FRAMINGHAM — A senior fashion design major at Framingham State University has taken sustainable fashion to the next level with a creative upcycling project.
Rather than putting on a self-serving fashion show with “environmentally friendly” clothing, Gabriela Mendez-Acevedo decided to attribute sustainability not to the aesthetic, but to human need.
“I think of sustainability from the perspective of growing up poor. I had to wear my brother’s clothing and try to piece my outfits together,” Mendez-Acevedo said in a Dec. 1 release from FSU. “I want people to understand sustainability from a different point of view. Sustainability wasn’t an option for people like me.”
This semester, Mendez-Acevedo did a community upcycling project where she asked those affiliated with FSU to donate clothing, which she then gave to a local homeless shelter.

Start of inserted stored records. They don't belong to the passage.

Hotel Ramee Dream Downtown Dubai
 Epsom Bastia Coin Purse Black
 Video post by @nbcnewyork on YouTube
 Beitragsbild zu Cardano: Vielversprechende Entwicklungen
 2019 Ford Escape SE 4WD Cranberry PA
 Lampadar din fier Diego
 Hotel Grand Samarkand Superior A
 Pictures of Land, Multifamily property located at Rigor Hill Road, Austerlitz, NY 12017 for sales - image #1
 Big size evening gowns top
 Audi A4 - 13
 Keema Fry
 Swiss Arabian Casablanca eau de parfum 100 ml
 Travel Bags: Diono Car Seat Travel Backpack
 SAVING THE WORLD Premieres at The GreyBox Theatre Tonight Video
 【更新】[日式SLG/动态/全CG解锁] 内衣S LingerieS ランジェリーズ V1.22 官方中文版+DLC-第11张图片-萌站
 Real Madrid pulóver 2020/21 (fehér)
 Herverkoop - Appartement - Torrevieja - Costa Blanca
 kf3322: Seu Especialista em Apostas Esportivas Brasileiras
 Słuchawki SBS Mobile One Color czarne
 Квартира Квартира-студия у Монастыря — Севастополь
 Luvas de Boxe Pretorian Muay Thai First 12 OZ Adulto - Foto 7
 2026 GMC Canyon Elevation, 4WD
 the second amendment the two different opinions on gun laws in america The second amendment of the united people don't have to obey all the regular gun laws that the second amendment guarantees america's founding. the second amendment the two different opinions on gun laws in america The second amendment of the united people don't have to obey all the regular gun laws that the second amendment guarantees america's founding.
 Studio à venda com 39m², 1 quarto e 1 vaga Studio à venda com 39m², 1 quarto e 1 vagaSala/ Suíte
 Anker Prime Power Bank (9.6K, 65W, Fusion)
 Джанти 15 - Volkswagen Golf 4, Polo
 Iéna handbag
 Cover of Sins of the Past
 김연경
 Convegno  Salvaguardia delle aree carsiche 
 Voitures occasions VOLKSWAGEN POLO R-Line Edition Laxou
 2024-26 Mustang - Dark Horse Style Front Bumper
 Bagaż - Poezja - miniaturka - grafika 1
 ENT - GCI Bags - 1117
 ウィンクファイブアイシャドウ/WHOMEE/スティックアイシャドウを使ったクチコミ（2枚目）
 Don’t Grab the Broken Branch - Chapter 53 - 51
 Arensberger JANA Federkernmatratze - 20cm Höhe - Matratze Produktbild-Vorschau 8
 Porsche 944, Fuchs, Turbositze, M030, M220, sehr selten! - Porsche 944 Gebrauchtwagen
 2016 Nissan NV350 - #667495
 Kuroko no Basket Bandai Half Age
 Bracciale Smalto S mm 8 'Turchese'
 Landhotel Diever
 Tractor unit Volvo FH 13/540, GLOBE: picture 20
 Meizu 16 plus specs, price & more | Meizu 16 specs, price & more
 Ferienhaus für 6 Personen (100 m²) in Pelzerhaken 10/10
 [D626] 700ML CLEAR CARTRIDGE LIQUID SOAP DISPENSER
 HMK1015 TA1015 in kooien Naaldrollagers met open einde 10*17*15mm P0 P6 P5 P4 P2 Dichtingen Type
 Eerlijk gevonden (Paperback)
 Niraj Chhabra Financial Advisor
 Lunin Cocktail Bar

“We sourced these clothes directly from the FSU community and got them into the hands of people who really need them,” Mendez-Acevedo said. “Clothing makes such a difference. Think about how often people look down on the homeless simply for how they are dressed.”
Mendez-Acevedo, a peer tutor and the student Co-Chair for the FSU Council on Diversity and Inclusion, graduates this winter and has already lined up a position at PUMA as an Apprentice for Apparel Development in the Run/Train Department. Her goals are to work with the department to develop a plus size collection, a unisex collection, and an adaptive clothing collection. She is also launching a podcast focused on topics such as mental health and self-care.
“I do want to continue getting experience in the industry so I can eventually teach other students like me how to make it in the fashion industry and educate them on the disparities Black people and people of color face in the industry,” she says.
Mendez-Acevedo gave a presentation on her project to the FSU community on Tuesday, Dec. 14, in the university’s Whittemore Library.